In contrast to ethynylpyridines 5a–j, phenylethynylpyridines 3a–j are more convenient targets for the direct electrophilic activation. Initially we employed TFA–CH2Cl2 system which had been previously reported for pyridinebased substrates,54 however, phenylethynylpyridine 3a was inert under these conditions and even when heated in pure TFA. Recently, we have described the successful utilization of TfOH for the cyclization of o-alkynyl(aryl)pyrimidines,52 and this protocol quantitatively provided benzo[h]quinoline 7a within 15 min (Scheme 4).
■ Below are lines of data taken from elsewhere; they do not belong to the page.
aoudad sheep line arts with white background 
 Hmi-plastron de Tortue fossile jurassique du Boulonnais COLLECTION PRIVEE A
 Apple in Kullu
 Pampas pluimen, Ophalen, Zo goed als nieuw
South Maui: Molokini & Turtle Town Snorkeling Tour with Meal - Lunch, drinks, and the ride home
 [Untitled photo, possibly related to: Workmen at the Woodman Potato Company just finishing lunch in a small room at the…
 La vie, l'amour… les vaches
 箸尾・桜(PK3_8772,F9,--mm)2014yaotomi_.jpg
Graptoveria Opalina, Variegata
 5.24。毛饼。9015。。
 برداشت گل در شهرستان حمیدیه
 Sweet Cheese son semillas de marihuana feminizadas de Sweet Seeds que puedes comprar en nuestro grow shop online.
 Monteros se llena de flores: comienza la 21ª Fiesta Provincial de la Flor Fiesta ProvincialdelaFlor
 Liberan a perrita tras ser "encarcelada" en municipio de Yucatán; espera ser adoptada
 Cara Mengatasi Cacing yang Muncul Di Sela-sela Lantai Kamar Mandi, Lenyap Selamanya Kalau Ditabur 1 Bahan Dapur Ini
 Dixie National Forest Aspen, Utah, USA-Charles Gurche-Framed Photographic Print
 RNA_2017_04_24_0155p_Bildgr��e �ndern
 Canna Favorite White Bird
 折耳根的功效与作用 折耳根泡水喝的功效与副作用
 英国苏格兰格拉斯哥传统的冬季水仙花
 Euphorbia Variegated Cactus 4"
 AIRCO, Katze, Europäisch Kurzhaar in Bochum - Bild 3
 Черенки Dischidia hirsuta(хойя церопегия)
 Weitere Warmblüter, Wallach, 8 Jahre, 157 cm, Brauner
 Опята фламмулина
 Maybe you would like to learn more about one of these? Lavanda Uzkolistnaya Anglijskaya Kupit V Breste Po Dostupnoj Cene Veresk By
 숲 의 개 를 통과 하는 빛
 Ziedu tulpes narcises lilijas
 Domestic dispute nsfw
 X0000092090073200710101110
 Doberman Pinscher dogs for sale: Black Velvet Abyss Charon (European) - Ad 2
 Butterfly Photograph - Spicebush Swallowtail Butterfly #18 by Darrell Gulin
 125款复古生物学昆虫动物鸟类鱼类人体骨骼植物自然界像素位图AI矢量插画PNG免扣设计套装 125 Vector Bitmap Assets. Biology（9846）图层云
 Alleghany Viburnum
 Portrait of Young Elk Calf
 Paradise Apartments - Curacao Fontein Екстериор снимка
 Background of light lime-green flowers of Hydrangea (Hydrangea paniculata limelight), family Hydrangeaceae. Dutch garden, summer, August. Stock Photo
Quinolines 7b–e,h,i were also isolated in excellent yields regardless of the nature of substituents. 2-(4-Methoxyphenyl)pyridine 3f gave the mixture of the major benzo[h]quinoline 7f and the minor spiro compound 8, although similar 5-(4-methoxyphenyl)-4-(phenylethynyl)-pyrimidine gave the single corresponding spiro product.52 At 0°C, only spiro compound 8 formed from phenylethynylpyridine 3f in 93% yield (the mechanism of this ipso cyclization is analogous to that we described for pyrimidines).52 Protonation of the Me2N group in pyridine 3g appears to cause a complete deactivation of this substrate toward the cyclization; indeed no target product was detected in the complex reaction mixture of phenylethynylpyridine 3g by 1H NMR spectroscopy. TfOHpromoted reaction is less sensitive to steric factors than PtCl2-catalyzed process as unsymmetrically substituted pyridine 3j gave a mixture of isomers 7j and 7j' (cf. compound 6j, Scheme 3).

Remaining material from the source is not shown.